*** DATA ***

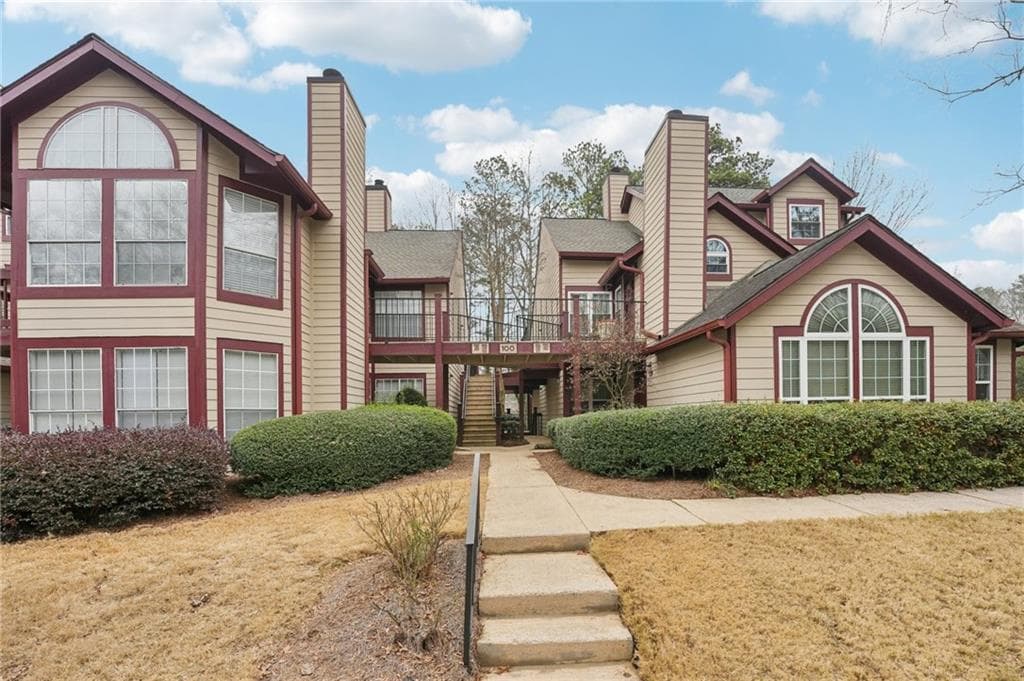 114 Hawkstone Way, Alpharetta, GA 30022 — most recent listing photo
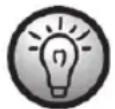SILVERCREST SMRA 5.0 A1 - Software update - 1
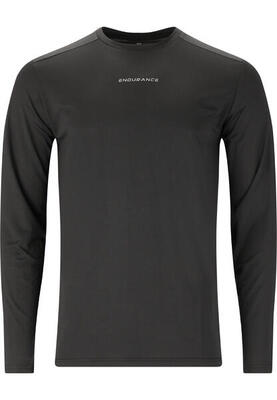Langarmshirt Loker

***

_WHAT IS NEEDED_
Repeat every line of the data exactly, but do not include pictures.

_ANSWER TO THIS TASK_
 114 Hawkstone Way, Alpharetta, GA 30022 — most recent listing photo
SILVERCREST SMRA 5.0 A1 - Software update - 1
Langarmshirt Loker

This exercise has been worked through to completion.